### Data block

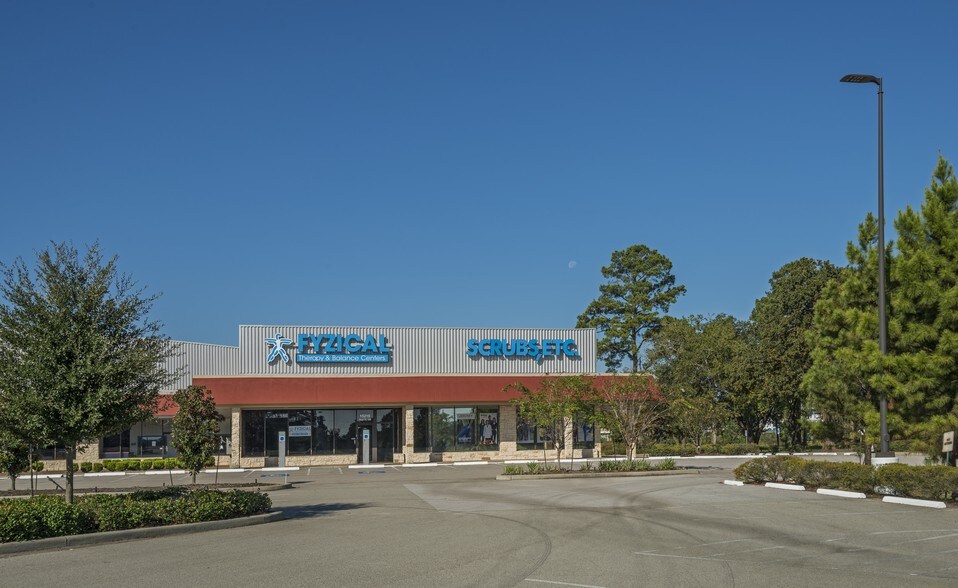 More Photos Of 15222-15258 N I-45, Conroe Unknown For Lease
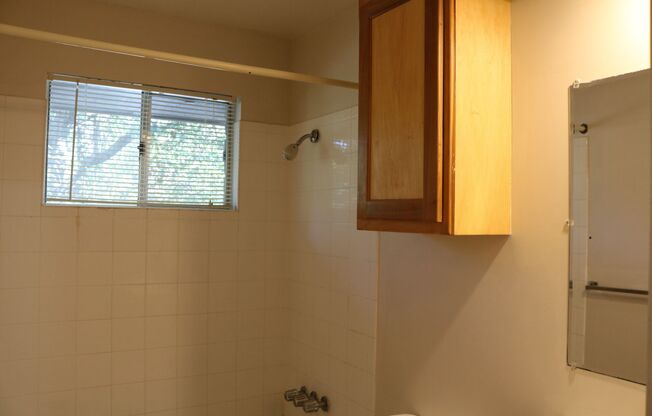 2 beds, 1 bath, 700 sqft, $880, Unit 9020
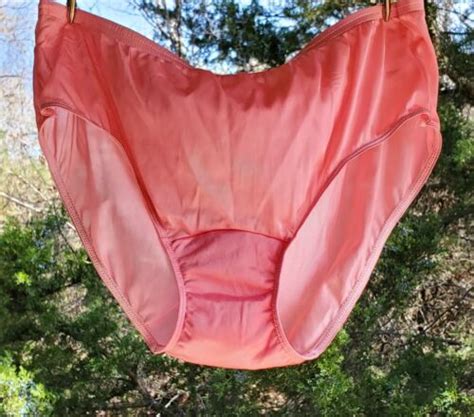 VTG Style Shadowline Bikini Panty Shiny Nylon L Ici Gem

######

● **Action item**
An exact repeat of the listing above, pictures excluded, is the answer.

● **Reply to the task**
 More Photos Of 15222-15258 N I-45, Conroe Unknown For Lease
 2 beds, 1 bath, 700 sqft, $880, Unit 9020
 VTG Style Shadowline Bikini Panty Shiny Nylon L Ici Gem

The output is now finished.